Gegeven de kans (of de taak) om met Wilders te debatteren en daar zelf een stelling voor aan te dragen kwam Asscher, ongetwijfeld in overleg met zijn campagneteam, tot een formule die de kleurloosheid van zijn campagne onderstreepte: ‘Nederland is van ons allemaal.’ Wat de bedenkers ervan beving toen ze de slogan van DENK overnamen, kan ik niet bevroeden. Wilders wist er wel weg mee. Mijn grotere probleem was dat als je met Wilders debatteert een agressieve stellingname vereist is. Waarom niet: ‘Nieuwe Nederlanders hebben de Nederlandse cultuur verrijkt’, of: ‘Haatzaaien tegen burgers met een ander geloof past niet bij de Nederlandse cultuur.‘ Met deze laatste stelling had Asscher ook nog kunnen aanpikken bij Buma’s Wilders-lite verhaal over normen en waarden.

Asscher liet ook na, net als CU-leider Segers later tegen de haatzaaier, om er gewoon op te wijzen dat mensen die zich aan de regels houden normaal (dice Rutte) Nederlands zijn, alle recht hebben om hun culturele identiteit te beleven. Dat zijn Nederlandse waarden en normen. Asscher probeerde het wel door te wijzen op de verzorger, de leraar en anderen, maar door het specifiek te maken verzwakte hij het verwijt aan Wilders dat die gewone Nederlandse burgers die prima functioneren maar een ander geloof hebben discrimineert. Er was geen weerwoord voor de cijfers die Wilders oplepelde over de vermeende opinies van moslims in Nederland: dat opinies er niet toe doen als je je aan de regels houdt.

Klaver deed het opnieuw goed en had, ware ik zwevend geweest, mijn stem gekregen omdat hij een coherente, doordachte en functionele campagne voerde die door zijn persoonlijkheid een extra dimensie kreeg. Segers liet zien dat er een alternatief is voor christelijke kiezers die Buma met zijn bijna-haatzaai-boodschap niet kunnen pruimen. Jammer dat het met zijn Jezus-geneuzel Wilders de gelegenheid gaf los te gaan over Mohammed, een onaangename vertoning. Bij Rutte verraste me de haast kinderlijke drift om steeds maar over leiderschap te spreken. Ja, ik weet het wel, die premierbonus, maar wat is dat voor leiderschap als je steeds moet lopen roepen dat je leider bent? Zouden mensen dat niet zien?

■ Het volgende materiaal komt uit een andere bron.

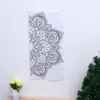 Fonds d'écran mur Mandala papier peint décalcomanies maison autocollant gris papier bordure Stickpeel
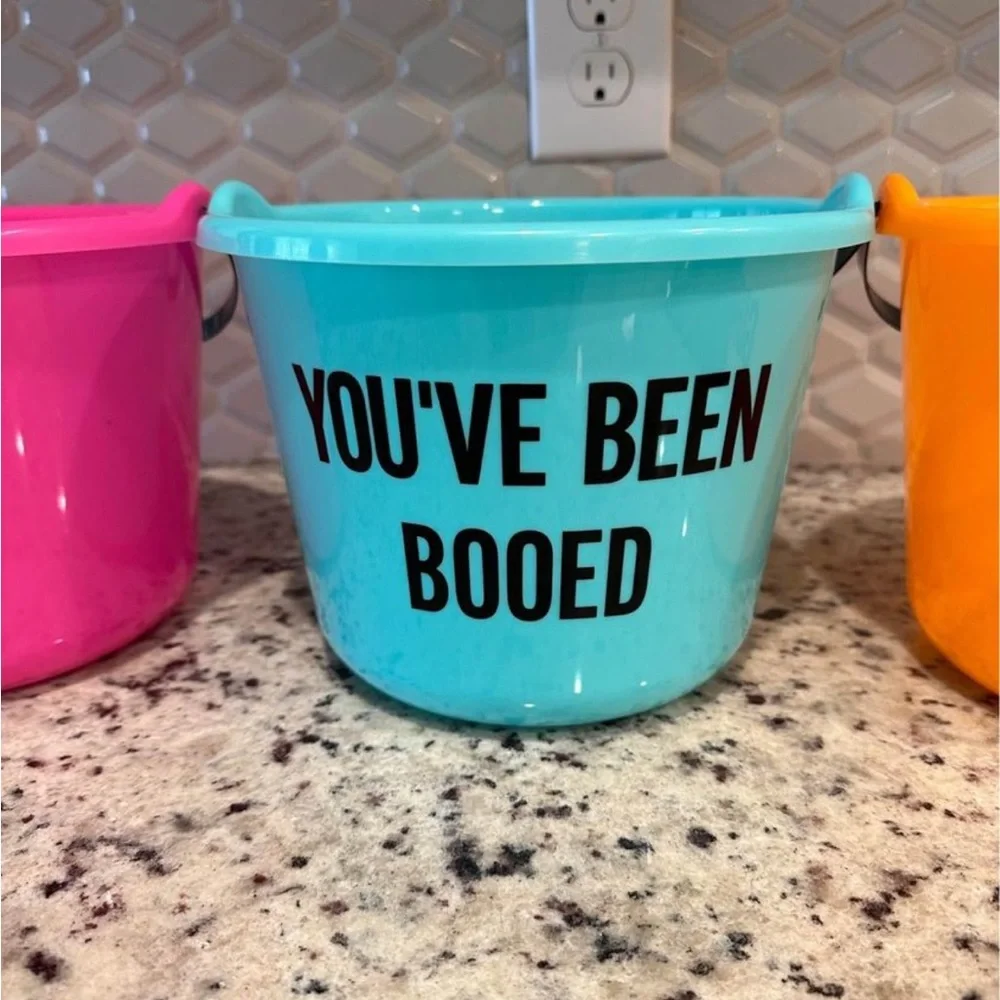 Target Colorful Halloween Candy Buckets - Set of 4 - Purple, Pink, Blue,…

Het debat en het uitbrengen van mijn stem op Asscher waren een onbevredigende afsluiting van een onbevredigend lijsttrekkerschap dat, durf ik wel te voorspellen, niet gaat worden herhaald. De PvdA is vandaag een partij zonder leider, zonder leiding en zonder visie. Maar zoals ik hierboven probeerde te formuleren: de situatie is rampzalig maar niet dodelijk. Partijen in Nederland kunnen zichzelf aan hun schoenveters optrekken en dat zal ook de PvdA doen. Welke partijen ook gaan regeren, er zal weer een keer afgerekend worden. En dan ligt alles weer anders.